Par Camille Bourgeois, consultante chez CHEFCAB
« L’argument affiché : « la réciprocité ». »
La nouvelle guerre commerciale déclenchée par Donald Trump n’a rien d’un accident diplomatique : c’est une stratégie économique assumée, brutale et contagieuse, qui rebat les cartes du commerce mondial. Avant d’annoncer la suspension temporaire de ces surtaxes, le président américain imposait le 2 avril dernier des droits de douane de 20 % sur les importations européennes, 34 % sur celles de Chine, et au moins 10 % sur la majorité des autres produits étrangers. L’argument affiché : « la réciprocité ». L’objectif réel : protéger les producteurs américains, rapatrier les chaînes de valeur, et forcer ses partenaires commerciaux à réagir dans la précipitation face à un bouleversement unilatéral des règles du jeu.
Le Canada a été l’un des premiers à encaisser le choc du virage protectionniste, dès le mois de février. En réponse, le gouvernement du Québec a présenté, fin mars, un budget 2025-2026 taillé pour renforcer sa résilience économique. Plus de 5,4 milliards de dollars seront mobilisés sur cinq ans pour soutenir l’innovation, stimuler l’activité dans les régions et accroître la compétitivité des entreprises. Dans un contexte d’exportations massivement affectées, le Québec fait le choix de l’anticipation et de la cohérence. Et la France, à son tour prise dans l’étau tarifaire américain, aurait tort de rester spectatrice.
« Dès le lendemain des annonces de la Maison-Blanche, le chef de l’État appelait à suspendre les investissements outre-Atlantique (…) »
Officiellement maintenue à 0,9 %, la croissance française pourrait chuter bien en deçà des 0,7 % anticipés par la Banque de France avant les annonces d’avril, une fois l’impact des nouvelles taxes intégré. L’hypothèse d’une entrée en récession ne peut plus être écartée. Dès le lendemain des annonces de la Maison-Blanche, le chef de l’État appelait à suspendre les investissements outre-Atlantique et promettait un accompagnement aux filières commerciales et industrielles.
Le modèle québécois a le mérite d’apporter une réponse rapide, structurée et lisible à ce choc commercial, en promettant de soutenir les PME, sécuriser l’investissement et réorienter les débouchés pour sortir de l’hyperdépendance nord-américaine. Autant de leviers que la France pourrait adapter pour construire une réponse budgétaire crédible et mobilisatrice.

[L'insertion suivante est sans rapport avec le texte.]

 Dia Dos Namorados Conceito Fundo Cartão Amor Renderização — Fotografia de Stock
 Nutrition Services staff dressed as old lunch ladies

Mais à condition d’en comprendre aussi les limites. Car si le Québec a pensé à ses entreprises, il a oublié ses travailleurs. Hormis une enveloppe dédiée à la formation dans la construction – un secteur effectivement sous tension, en lien avec les objectifs énergétiques d’Hydro-Québec – aucune mesure transversale de formation, de requalification ou de reconversion n’a été prévue. Le budget québécois est fort en capital, faible en compétences. C’est là son angle mort, et ce ne peut être celui de la France.
« Car la compétitivité ne se joue pas uniquement dans les usines ou les laboratoires, elle se construit aussi sur le terrain du travail et de la formation. »
Le prochain budget français devra sans doute intégrer une réponse d’urgence à la guerre commerciale. Mais il ne pourra se limiter à protéger les entreprises : il devra aussi sécuriser les parcours professionnels, accompagner les reconversions, investir dans les compétences. Car la compétitivité ne se joue pas uniquement dans les usines ou les laboratoires, elle se construit aussi sur le terrain du travail et de la formation. C’est là que la France peut dépasser le modèle québécois, en réconciliant puissance économique et cohésion sociale. À une condition : que le prochain budget, attendu à l’automne, ne soit pas seulement un réflexe défensif, mais un levier de transformation profond de l’économie dans son ensemble.